In a study of 1,163 South African senior managers, an astounding 74% of respondents reported instances when they or others failed to speak up effectively when a peer did not pull his or her weight. 50% reported a failure to address disrespect and 48% of employees let peers slide when they skirted important workplace processes.

According to the data, the majority of the workforce is guilty of similar conversation failures. Specifically, half waste seven days or more avoiding these crucial conversations and 34% estimate they waste two full work weeks or more mulling over the problem. Our respondents estimate their avoidance costs their organisations between R100,000 and R200,000 per conversation in time and resources, with 28% estimating the cost to exceed R500,000.

The research also shows that employees are not having the right conversations and in most cases they are unable to address the disagreement. Instead of speaking up, people report engaging in resource-sapping avoidance tactics including complaining to others (60%), doing unnecessary work (58%) and getting angry about the problem (41%).

Is a failure to communicate wasting more than just time?

Vermaak says that many individuals lack the skills that enable them to speak up – providing direct feedback, even if it risks disagreement. “The problem is not that there are problems, the problem is that people don’t know how to effectively deal with the problems.”

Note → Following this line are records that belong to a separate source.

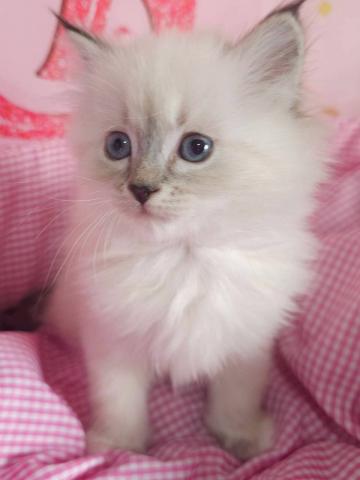 サイベリアン♡ ブルーリンクスポイント＆ホワイト💗ララ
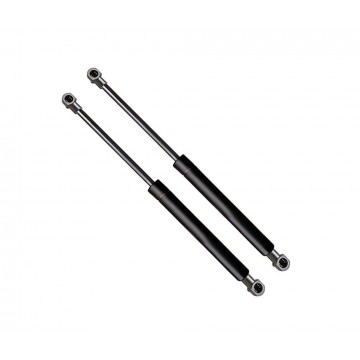 Toyota Wish ZNE10 '2004-2009 Rear Lid Gas Strut Set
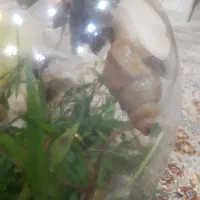 حلرزون بزرگ درمانی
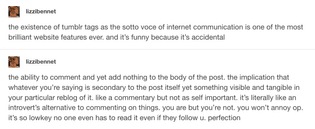 lizzibennet: the existence of tumblr tags as the sotto voce of internet communication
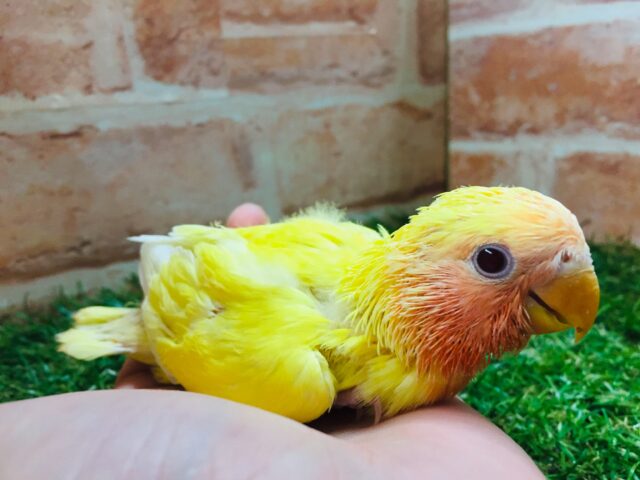 コザクラインコ（小桜インコ）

And beyond the jaw-dropping dollar figures, the secondary costs are also alarming. Respondents report that these conversation failures had damaging effects to employee morale and engagement, relationships, corporate culture, project timelines and budgets and organisational reputation.

“Behaviour needs to match the brand and if it doesn’t, no amount of time and investment can make it successful,” says Jay Owens, Director at The Human Edge. “Accountability on all levels is vital and by creating an environment of open dialogue, managers are able to focus on the strategic thinking.”

Owens likens organisational culture to a chocolate brownie study undertaken by the company’s US partner, VitalSmarts – see the study here. He says management needs to identify the undiscussables in their organisations – what are people not being honest and up front about, what are they not saying and how is this affecting organisational performance?

Vermaak says that this study confirms that one of the most costly barriers to organisational performance is unresolved crucial conversations. “Knowing how to speak up means not having to waste time avoiding crucial issues, because you have the confidence and skills to raise them in a way that leads to productive dialogue, improved results and healthier relationships.”